It’s easy to be thrown off scent when trying to divine the vague, ill-defined, unconstitutional laws under which the Securities and Exchange Commission hunts for corporate prey. Suffice it to say that the SEC operates with the understanding that competition in capital markets must proceed from a level playing field. All investors are entitled to the same information advantage irrespective of effort and abilities.
In a word, information socialism.
In their latest efforts to bring ruin to capital markets, SEC blood hounds have ensnared some of the country’s most powerful hedge-fund firms. Indictments are replete with SEC cloak-and-dagger.
There is a Don, “Don Chu,” which is how the accused, Don Ching Trang Chu, is called. A co-conspirator is “CC-1.” And a cooperating witness: “CW-1.” The companies violated, allegedly, are Atheros Communications, Inc. (“Atheros”), Broadcom Corporation (“Broadcom”), and “Sierra Wireless” ─ aka “The Tech Company.”
The Don “is accused of providing inside information on [“The Tech Company”] to one of those cooperators, a hedge-fund manager, and of arranging meetings for the manager with public company employees to receive nonpublic information,” reports the WSJ. Then there is the “The Firm.” The ominous entity at the center of the investigation is “an ‘expert networking’ firm.” In “United States Of America -v. – Don Ching Trang Chu, a/k/a ‘Don Chu,’ the Defendant,” the “Firm” is the California-based Primary Global Research, LLC. The Thing “advertised itself as an ‘independent investment research firm that provides institutional money managers and analysts with market intelligence.'”
In less sinister parlance, “The Firm” is engaged in researching, collating and selling information about publicly traded companies. Company premises are not broken into, mailmen aren’t bribed, espionage, as far as we know, is not a factor. More importantly, so long as employees of the companies researched have not violated confidentiality clauses in their employment contracts ─ there is nothing wrong with such information gathering. If employees have violated their contracts, then the harmed corporation ought to be prosecuting them in civil court. As a matter of property rights, it’s up to the rightful owners of the company—the shareholders—to regulate information about the company and to decide what their employees do with information gleaned about it.
Nevertheless, by the end of this prosecution, expect “The Firm” to have as bad a reputation as the firm in the 1993 film so titled, starring Tom Cruise.
If anything, insider trading may benefit the market, in general. It facilitates the circulation of information about the status of the company and prevents misallocation of funds. It’s hard to imagine the share price of Enron or WorldCom reflecting so poorly on the real value of the stock had insider trading been permitted. Those with inside information would have dumped their stocks as soon as they got wind of irregularities, and others would have followed, saving many people a great deal of money and misery.
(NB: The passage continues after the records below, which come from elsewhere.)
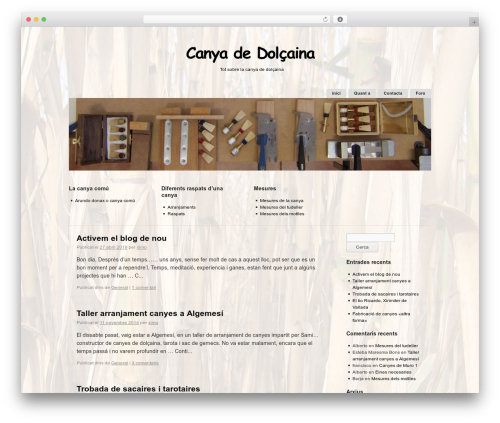 Skeleton Plus WordPress theme - xn--canyadedolaina-pjb.com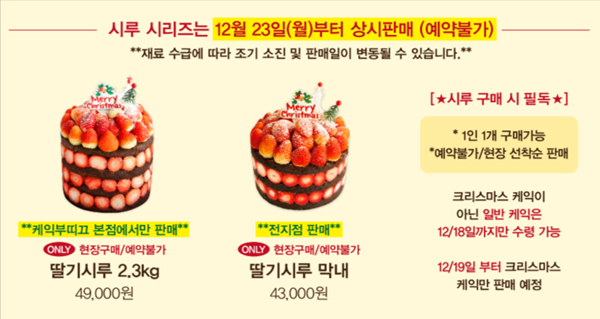 성심당 딸기시루 케이크 정보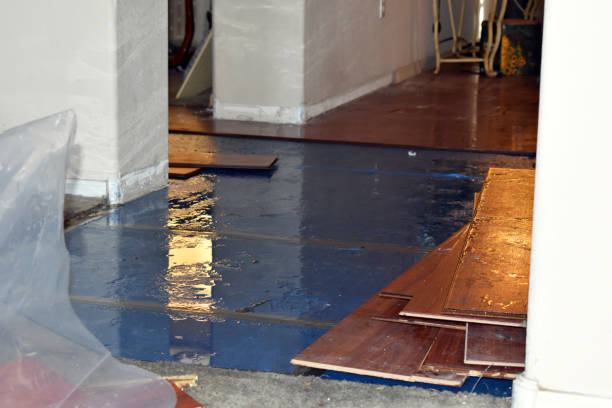 Professional Sewage Cleanup technician working in Arlington, MA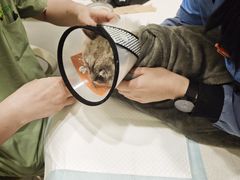 -艾吉宠物医院·疑难杂症转诊中心·猫友好(碧江路院)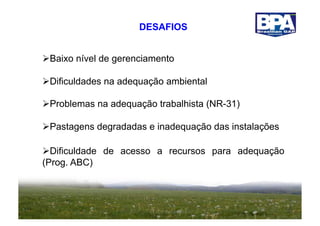 DESAFIOS


  aixo nível de gerenciamento
 B

  ificuldades na adequação ambiental
 D

  roblemas na adequação trabalhista (NR-31)
 P

  astagens degradadas e inadequação das instalações
 P

  ificuldade de acesso a recursos para adequação
  D
(Prog. ABC)
 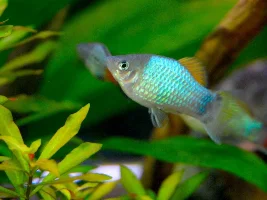 VOTE NOW!...Fishforums  April 2020 Fish of the Month contest (livebearers only)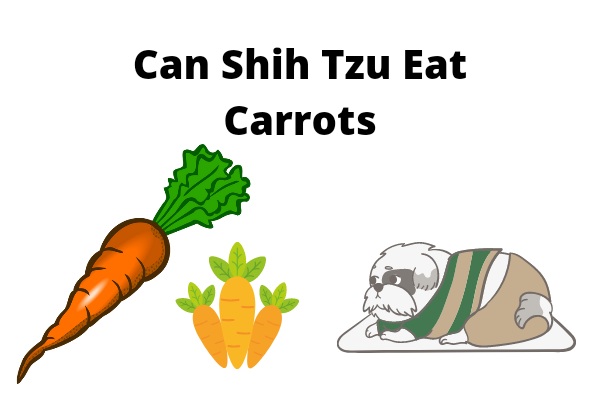 Can Shih Tzu Eat Carrots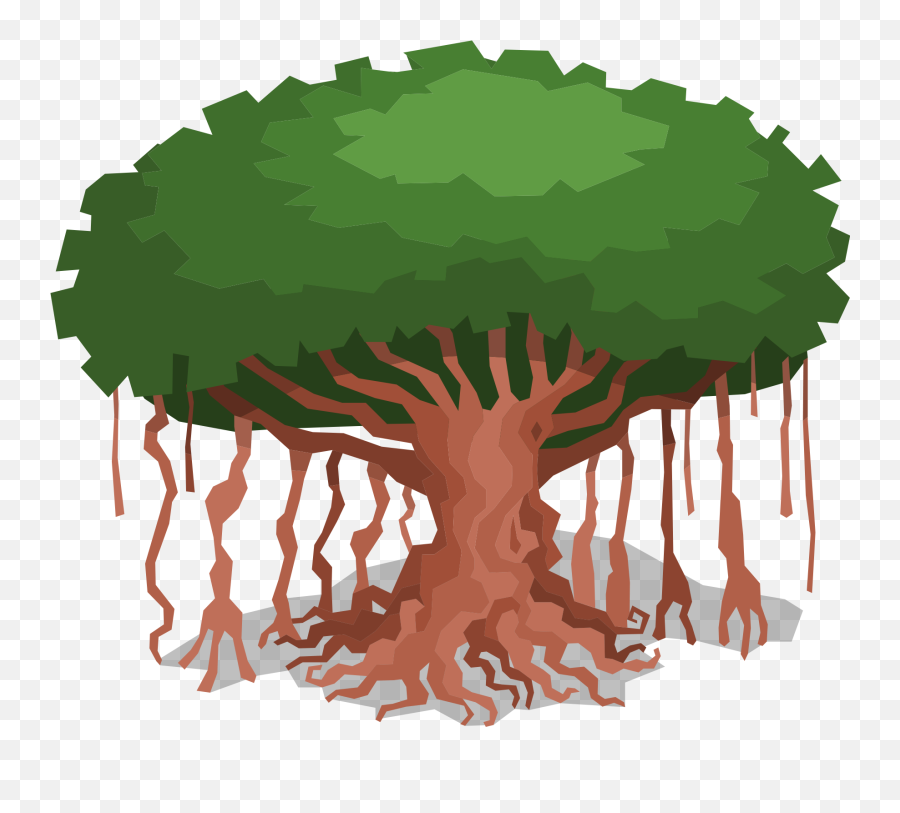Banyan Tree Animal Jam Item Worth Wiki Fandom - Giant Sequoia Emoji,Jam Clipart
If a stock is destined to tank, everybody is going to lose money. For a variety or reasons, some people are in a position to lose less than others. What could possibly be the objection to this, other than envy? Ultimately, when he sells his shares, signaling to other shareholders to follow suit, the insider is performing a service in the market. If investors are too stupid to grasp the information conveyed by a sale, they should stay out of the stock market. Besides, it’s both fit and proper that when he sells, the insider will make more of a profit than the late seller who doesn’t have his hard-won advantage.
Older interpretations of securities laws issued by the Supreme Court rejected the notion that all trading parties have to have parity of information, maintaining that “there is no duty to disclose nonpublic information.” These more constitutional—less casuist—rulings conceded that it is up to company shareholders and their employees to regulate insider trading through contracts.
Cornell’s Jonathan R. Macey once averred that the SEC is teetering perilously on hounding any trader who trades on “the basis of an information advantage.” The accused (The Don) was wiretapped in Police State America, saying this: “I don’t want [to be] involved in the [United] States. It’s dangerous. S.E.C. [the United States Securities and Exchange Commission] is too strong.”
Because insider trading charges are legally spurious, criminal intent is hard to prove. Equally iffy is the circumstantial evidence: How did an accused pick up the barred information? Why didn’t he cover his ears and hum loudly to avoid absorbing the forbidden knowledge? Thus are the overweening Feds forced to turn to entrapping victims with trumped up charges.
Section 1001 of Title 18 in the United States Code is a popular alternative that worked well in placing Martha Stewart, that dangerous doily doyenne, behind bars. The Section makes it an offense to make “a materially false” statement to a federal official—even when one is not under oath. (It is perfectly proper, however, for said official to bait and bully a private citizen into fibbing.)
In the coming months expect to hear a lot about Section 1001, as it neatly facilitates a plethora of unconstitutional, due-process violations.
Ask yourself this: By selling his property on the basis of an information advantage, has the so-called inside trader violated the rights of other shareholders or potential buyers? The answer has to be a ringing no. The rights of other potential buyers have not been violated, because there is no natural right to a guaranteed profit; one does not have a right to be shielded from losses.